或日私の家を訪れた女の人は、随分お喋りであつた。ほゝけたやうな私の顔を見て、何かしきりにお世辞を言つた。もう四十年以上もこの世に生活してゐて、私を軽んじたやうな眼付きをして眠つたやうな美言を吐いた人よ。私は何も言はないけれど、私を心のどこかで馬鹿にしてゐる人が、この世に絶えない間は、私は生甲斐があると思つた。(無方針、○女の人)

この文章は吉本が米沢工業高校時代に友人たちと作った同人雑誌に載せたものだそうで、1943年に書いたものだというからまだ19歳くらいでしょう。吉本が紛失したその同人誌を川上春雄という人が根気よく探し出して「初期ノート」を編集したということです。

この文章から思想的ななにかを読み取ることは難しいと思いますが、なんとなくかすかに吉本の精神的な資質のようなものを嗅ぎとることはできます。この人はちょっと被害妄想気味じゃないかなというような。

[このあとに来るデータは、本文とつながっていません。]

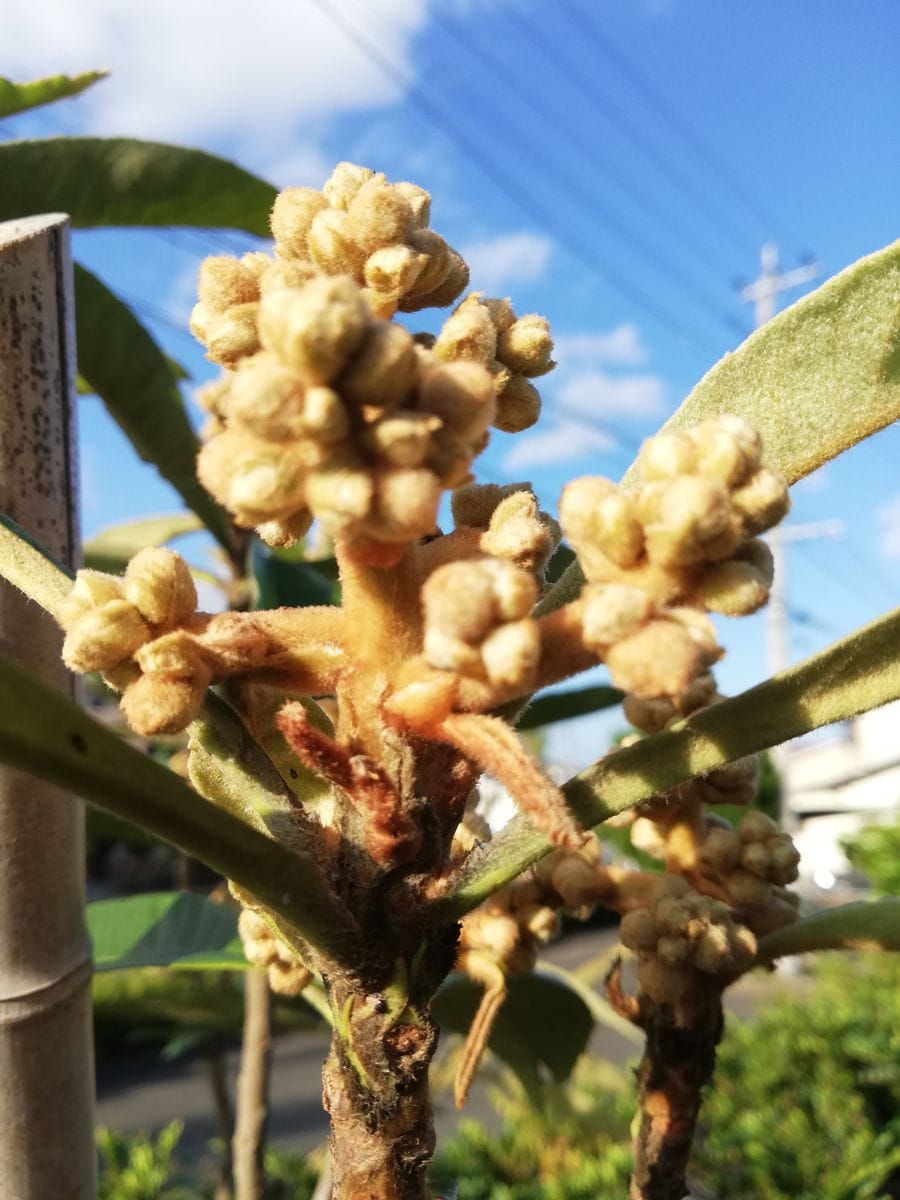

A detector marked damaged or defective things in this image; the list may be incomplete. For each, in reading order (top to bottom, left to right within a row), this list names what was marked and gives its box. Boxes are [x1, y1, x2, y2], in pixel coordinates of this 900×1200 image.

rusty metal pole [0, 216, 96, 1200]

吉本は親しくなった文学者や編集者との決別を経験しています。なぜ決別しなくてはならなかったのか、という理由は吉本自身によって正直に述べられてきています。吉本はそれらの決別に対して思想的な負い目はない、というふうに考えていると思います。しかしそれだけなのか、思想的な負い目はないとしても、そこに吉本自身の無意識の資質が、もっといえば病理的な資質が関係しているんじゃないか、という疑問を吉本自身が抱いていました。森山公夫との対談で、吉本は老年になっても続く決別の連鎖のなかには自分の責任というか、自分自身の病理が関係しているんじゃないかという疑問を森山に問うています。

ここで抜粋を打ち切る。